(Supplied information):
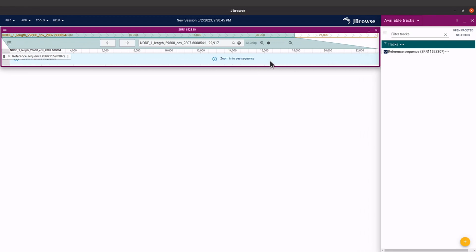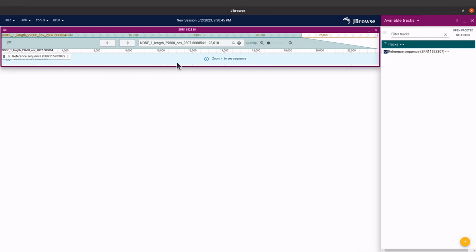But we are not done — we only loaded the FNA file. We need to also add annotations. We've only loaded the sequence; we need to add the features. So on this same window, come to the bottom, the lower part, and you will see this plus button here, so click it.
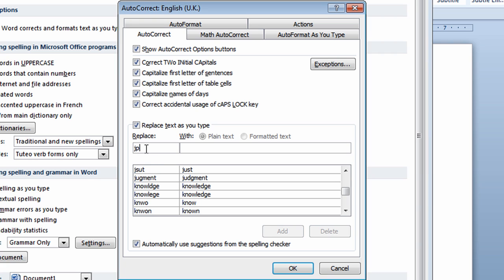So I've got my code typed in the Replace box. I'm now going to click on the With box. I'm going to type in my name the way I want it to show up in the future in documents. Notice here I did capitalize where it's appropriate.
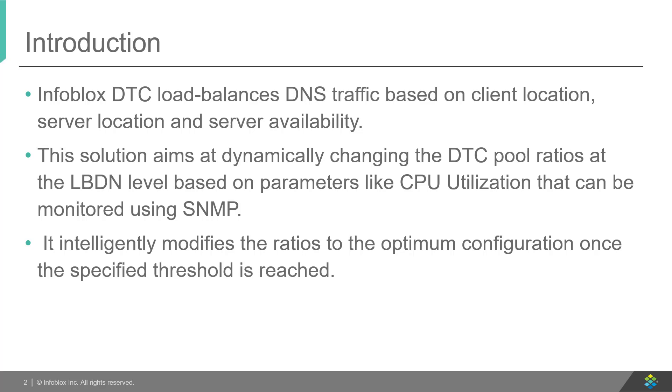This solution gives you the capability of modifying the load balancing ratios at the pool level automatically by polling a user-specified parameter using SNMP.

(What to produce): Copy out the data above exactly, except the pictures.

(Exercise solution):
But we are not done — we only loaded the FNA file. We need to also add annotations. We've only loaded the sequence; we need to add the features. So on this same window, come to the bottom, the lower part, and you will see this plus button here, so click it.
So I've got my code typed in the Replace box. I'm now going to click on the With box. I'm going to type in my name the way I want it to show up in the future in documents. Notice here I did capitalize where it's appropriate.
This solution gives you the capability of modifying the load balancing ratios at the pool level automatically by polling a user-specified parameter using SNMP.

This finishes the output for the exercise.